Hope that makes sense.
Hi, Thank you for your reply. Yes, the size of output audio-embedding is [19,128] when the input file is about 19 seconds. However, I want the output audio-embedding whose shape is [1,128]. (I need 128-dimensions audio-embedding in each input audio file even though the input audio file has N seconds long.) Do I need to fuse processing after getting the output audio-embedding [19,128]?
Best Regards.
Hi,
I have the same doubt as the one @jampeg raised.
VGGish is supposed to give a 128x1 embedding for an audio file if I am not wrong? So how do we fuse the [n_seconds, features]
to be [1,features]
?
Thanks
Edit: I missed a detail while reading about VGGish. It doesn't give 128 features for each audio file but for ~1 second audio signals. So I guess we will get a [n_seconds, features]
size vector for an input audio. But my question still remains: if I were to do a classification using VGGish as extractor, how would I fuse the output for an audio file to get 1 x 128 features. And this has to be consistent for each audio file no matter the duration.
Hi, Thank you for your reply. Yes, the size of output audio-embedding is [19,128] when the input file is about 19 seconds. However, I want the output audio-embedding whose shape is [1,128]. (I need 128-dimensions audio-embedding in each input audio file even though the input audio file has N seconds long.) Do I need to fuse processing after getting the output audio-embedding [19,128]?
Best Regards.
I understand now.
@jampeg, @SrijithBalachander - I don't know the best way of achieving this, but I would recommend you take a look at work on temporal aggregation, such as ActionVLAD - particularly the section on "Modelling long-term temporal structure" (http://openaccess.thecvf.com/content_cvpr_2017/papers/Girdhar_ActionVLAD_Learning_Spatio-Temporal_CVPR_2017_paper.pdf). I am not an expert on this, but that should be a good starting point for solving your problem.
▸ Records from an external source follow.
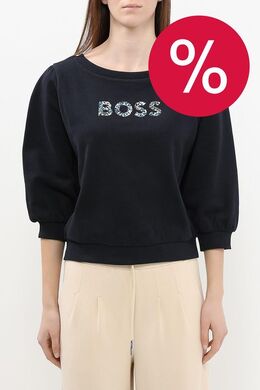 BOSS: Хлопковый свитшот 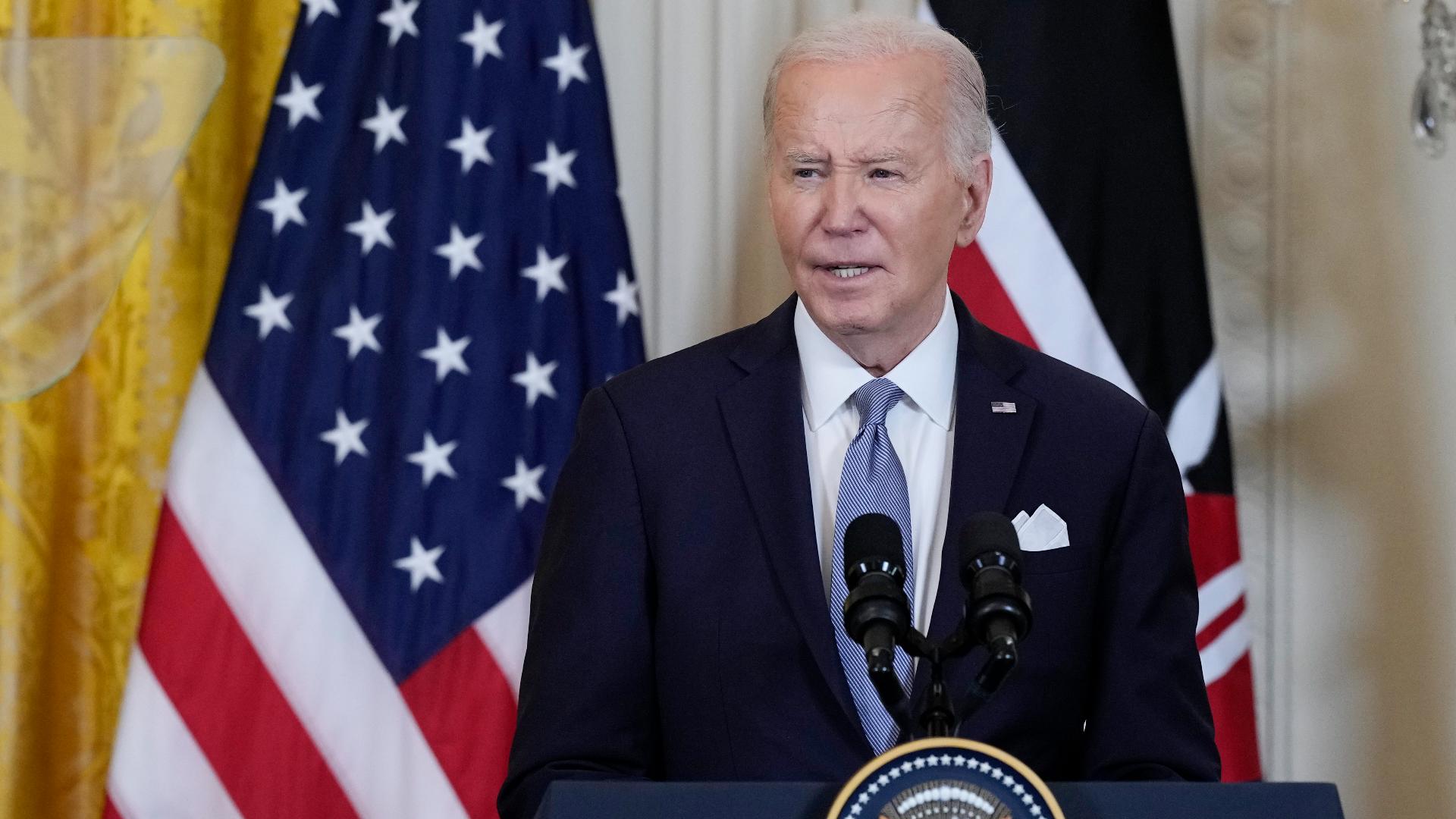 Ohio lawmakers have moved the deadline in the past for candidates of both parties, although they had not done so yet for Biden this year.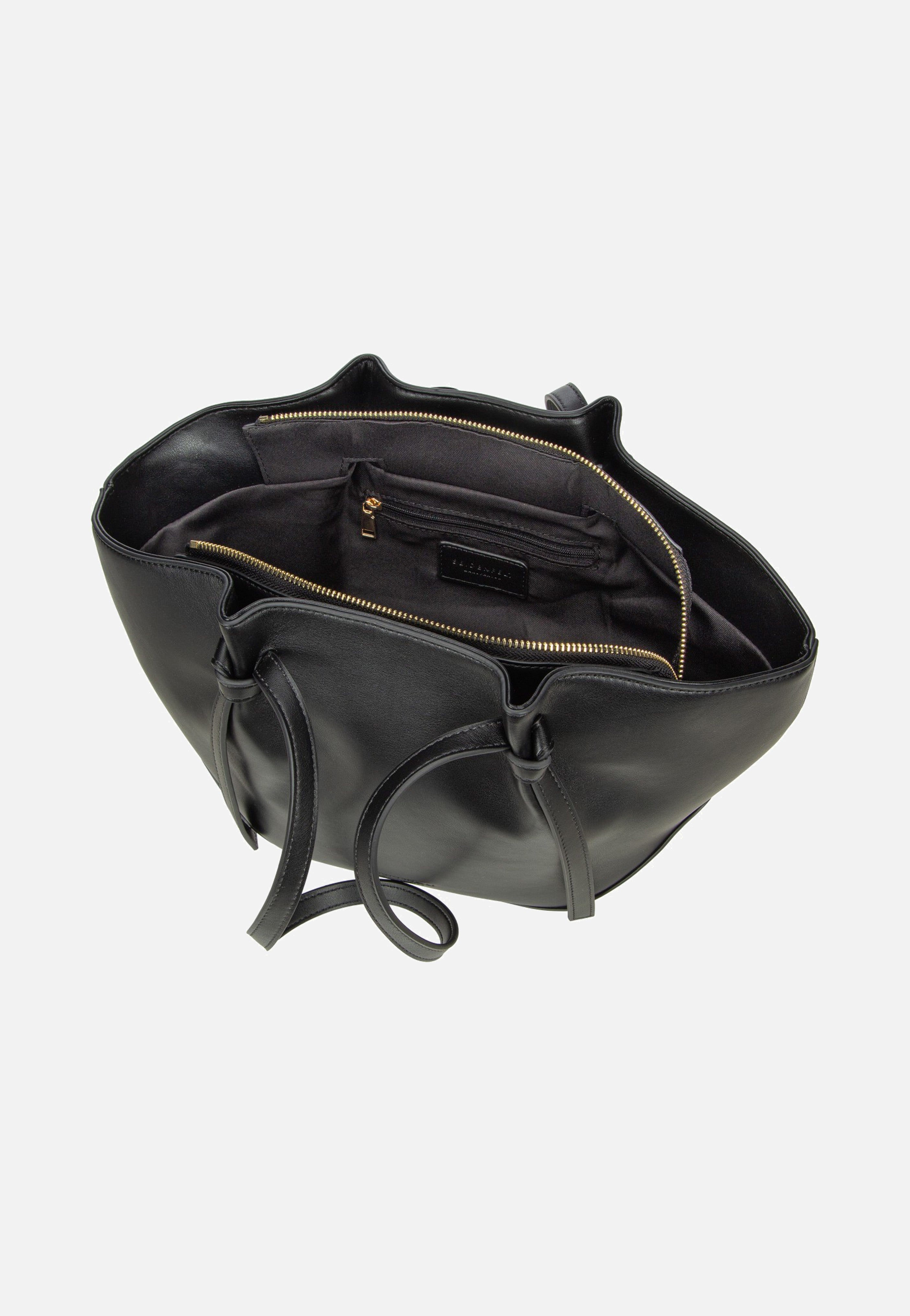 Seidenfelt Ryd Midi Shopper Black Shopper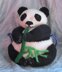 Panda Tea Cosy and Toy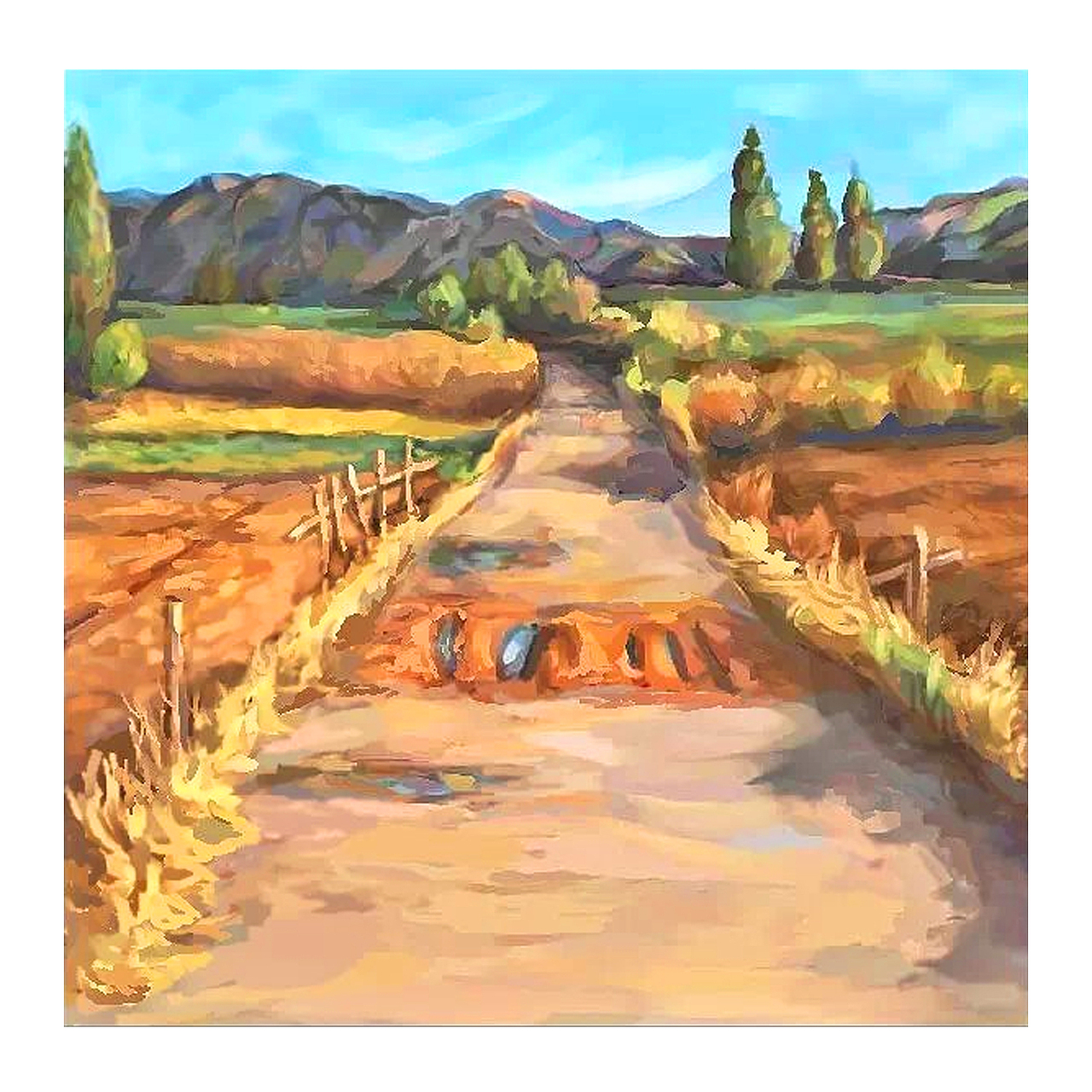 手绘作品（图ZODE1NTI2NzY=） - 创作习作 - 站酷设计师陈小牡原创素材 - 站酷ZCOOL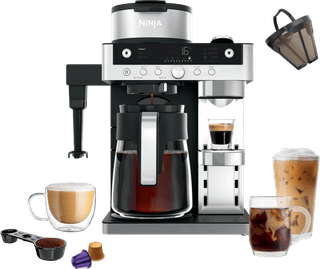 Ninja Prestige DualBrew CFN803EU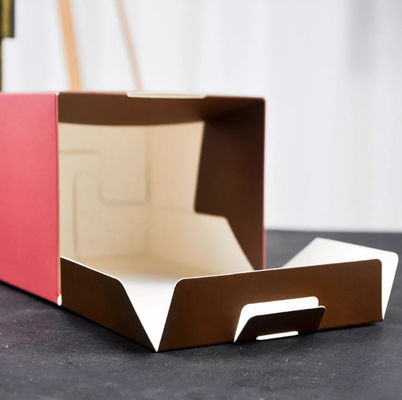 Douane die Document Vakje Gedrukt het In reliëf maken Duurzaam Sachet Verpakkend Vakje vouwen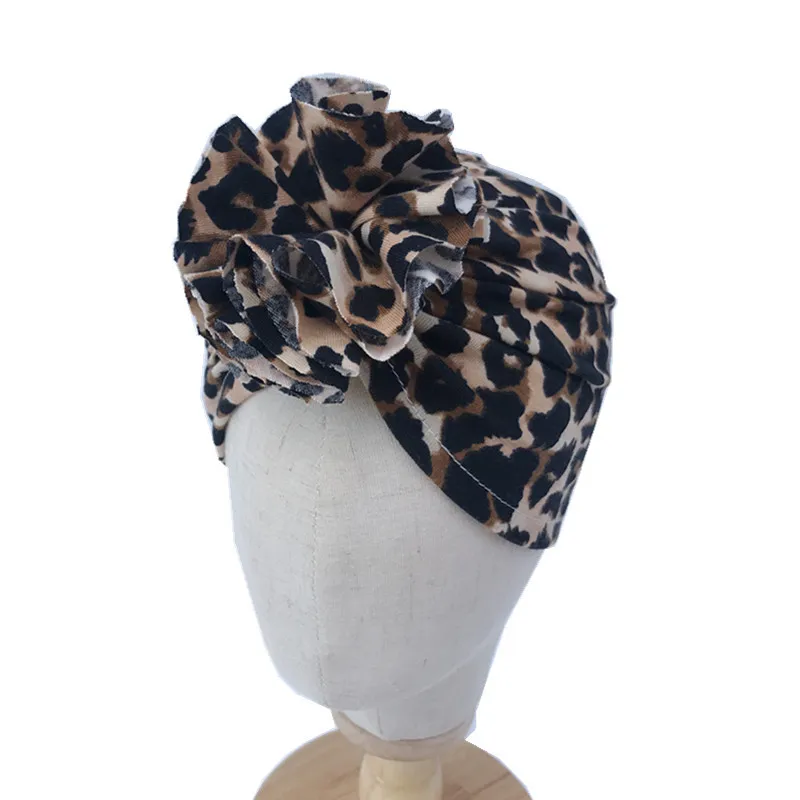 23 Детские Tuban хлопковые новорожденные шляпы с бантами Babes Beanie cap - Цвет: 23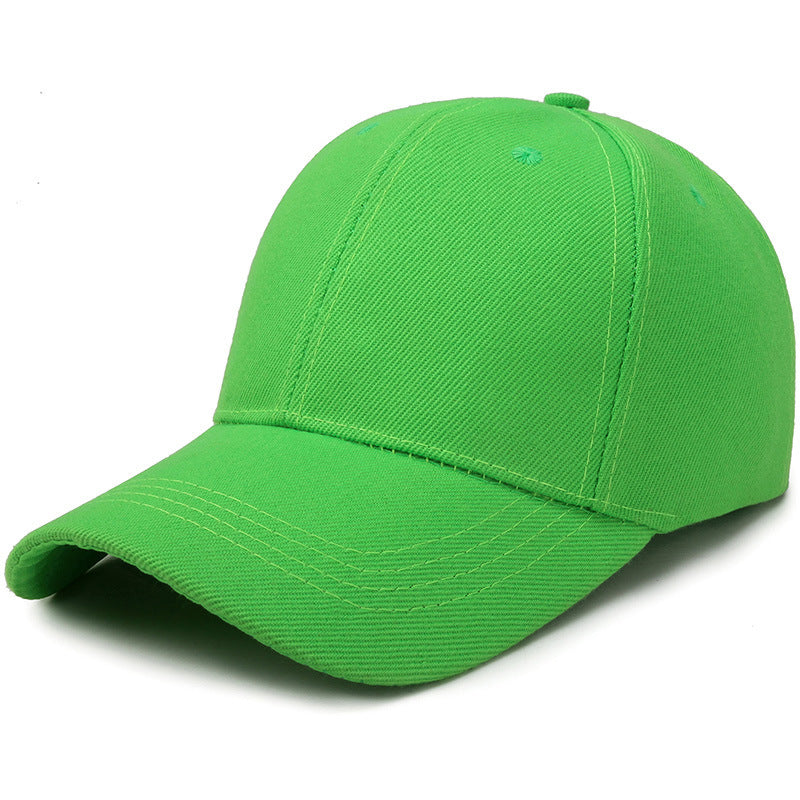 Fashion Baseball Style Hats/Caps- Solid Color Hats For All Ages- 22 Colors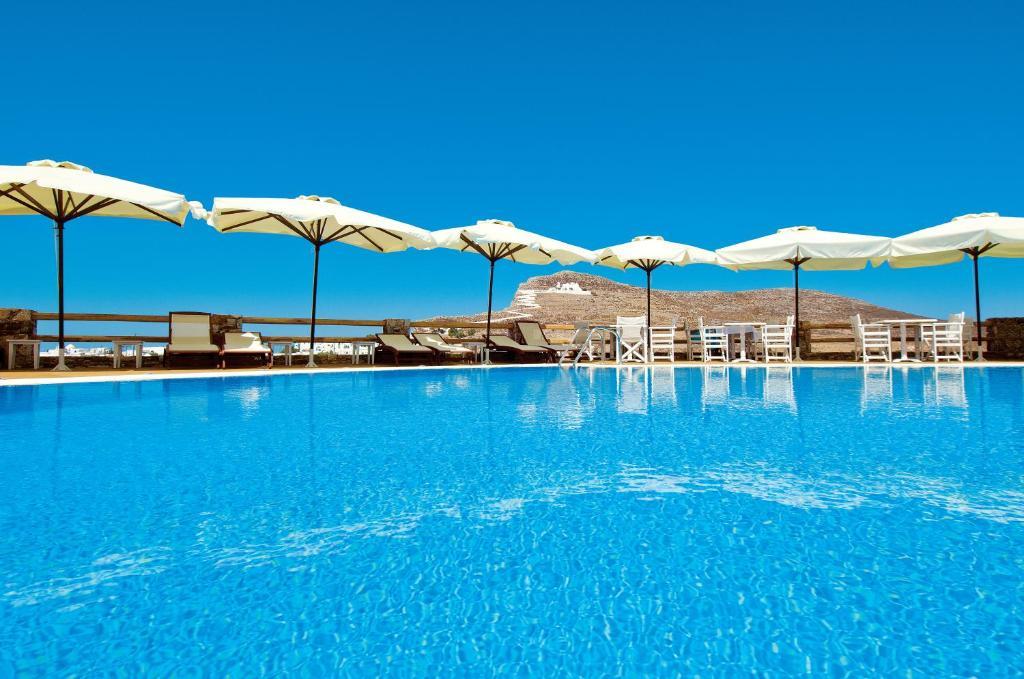 Aspalathras White Hotel Folegandros Town Exterior photo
Alternatively, you could just take the mean of your 19 feature vectors, but you will lose some resolution this way I imagine.
I'll close the issue now if that's all. Please @ me if you need any further advice. Thanks.
Hello,
I tried this implementation along with Usage. The size of output tensor is [19, 128]. Do I need to fuse the output tensor in order to convert the output tensor from [19,128] to [1,128] ?
Is the audio-embedding obtained in each audiofile, or in each batch?
In my understanfing, It can be obtained in each audiofile.